8. The method according to claim 2, characterized in that, The determination of the material weight difference includes: Obtain the first material used in the overall structure of the target vehicle model and the second material used in the overall structure of the competitor vehicle model; Based on the first material and the second material, the material weight difference between the target vehicle model and the competing vehicle model is determined using the conversion formula for the corresponding weight of the materials.

9. The method according to claim 2, characterized in that, The determination of the vehicle weight difference includes: Determine the weight difference between the target vehicle model and the competing vehicle model; The increase in chassis and body-in-white weight caused by the weight difference is taken as the difference in overall vehicle weight between the target model and the competing model.

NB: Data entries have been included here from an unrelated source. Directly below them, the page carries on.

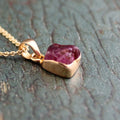 Raw Tourmaline Necklace, Gemstone Necklace, Raw Crystal Necklace, Rough Stone Necklace, Rough tourmaline, Healing Stone, Spiritual Necklace
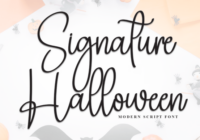 Signature Halloween Font - Featured Image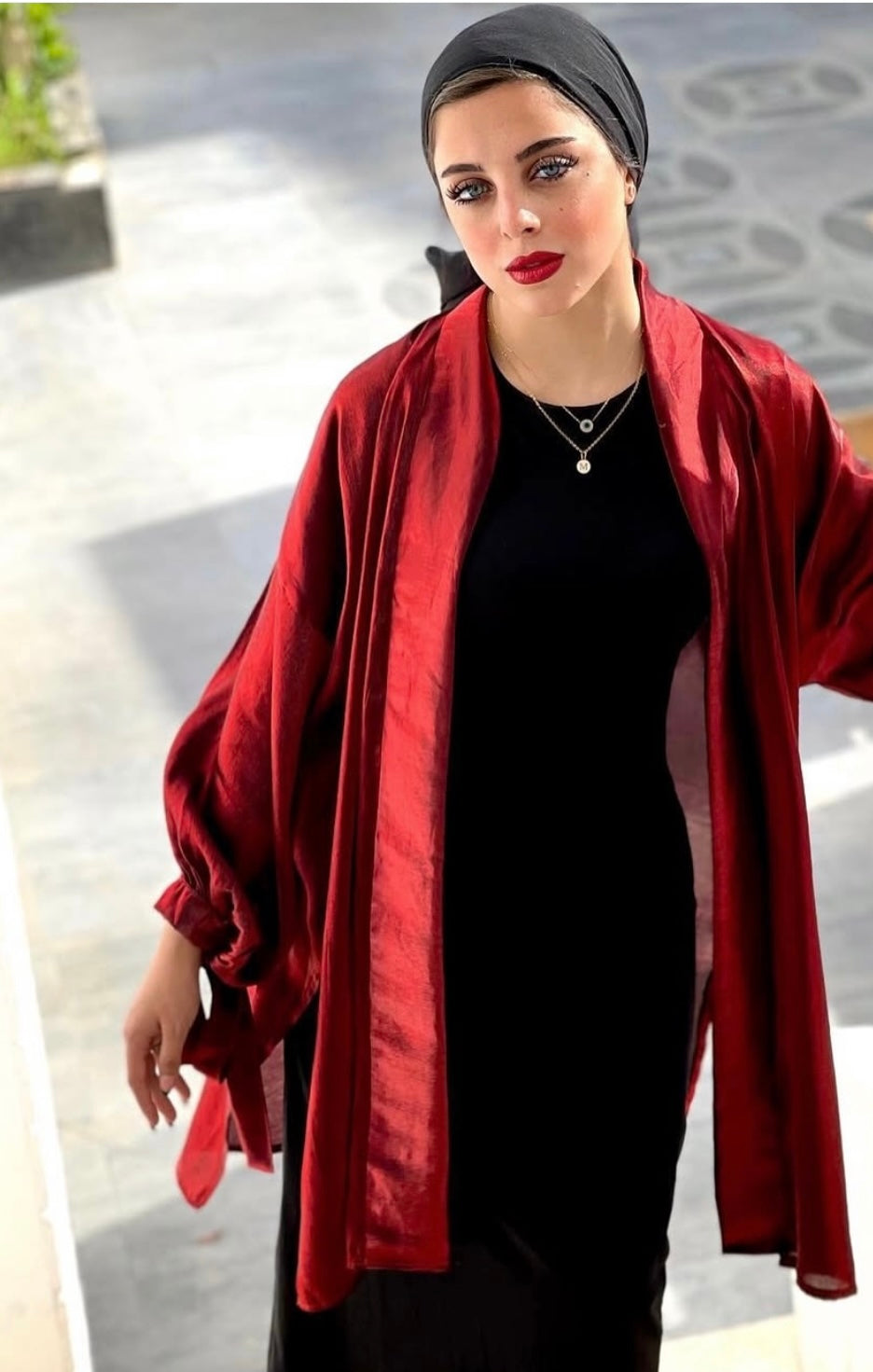 Wine cardigan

10. The method according to claim 1, characterized in that, The method further includes: The target vehicle weight is set based on the equivalent weight of competing models with the best lightweighting level.

11. A device for determining the level of lightweighting of a vehicle, characterized in that, The device includes: The determination module is used to acquire the target vehicle model and identify multiple competing vehicle models corresponding to the target vehicle model; The analysis module is used to analyze the equivalent weight of the multiple competing models to the boundary of the target model; wherein, the equivalent weight includes the weight differences caused by factors such as battery, motor, size, configuration, performance, materials and overall vehicle weight; The determination module is used to determine the overall vehicle lightweighting level of the multiple competing models based on the equivalent weight of each competing model.

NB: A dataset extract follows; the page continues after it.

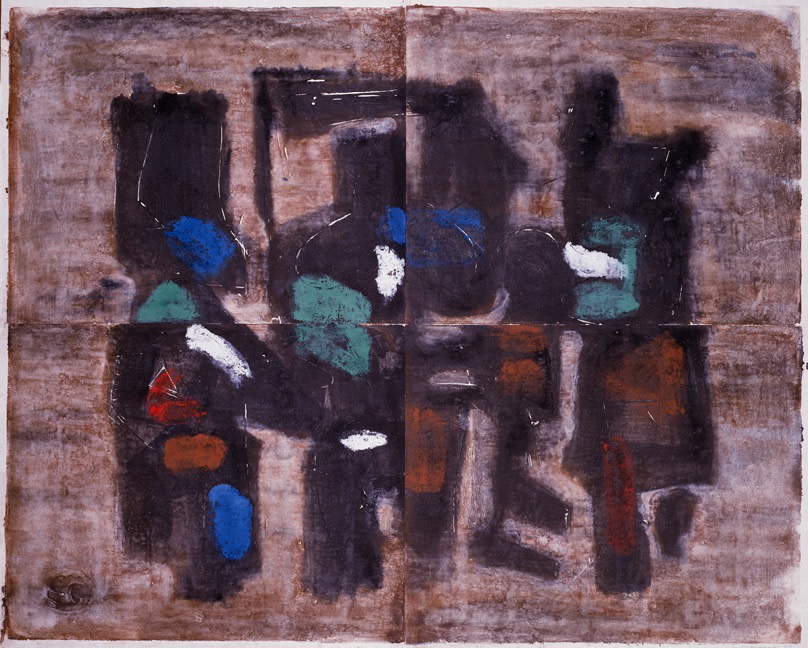 Untitled, PP 4096, 1976
Water Soluble Printer&amp;#39;s Ink and Casein
on Handmade Japanese Paper
​H:&amp;nbsp;38 1/2 x W: 48 5/8 inches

12. An electronic device, characterized in that, The electronic device includes: At least one processor; and A memory communicatively connected to the at least one processor; wherein, The memory stores a computer program that can be executed by the at least one processor, the computer program being executed by the at least one processor to enable the at least one processor to perform the vehicle lightweighting level determination method according to any one of claims 1-10.

13. A computer-readable storage medium, characterized in that, The computer-readable storage medium stores computer instructions that cause a processor to execute the method for determining the level of vehicle lightweighting as described in any one of claims 1-10.

14. A computer program product, characterized in that, The computer program product includes a computer program that, when executed by a processor, implements the method for determining the lightweight level of a vehicle according to any one of claims 1-10.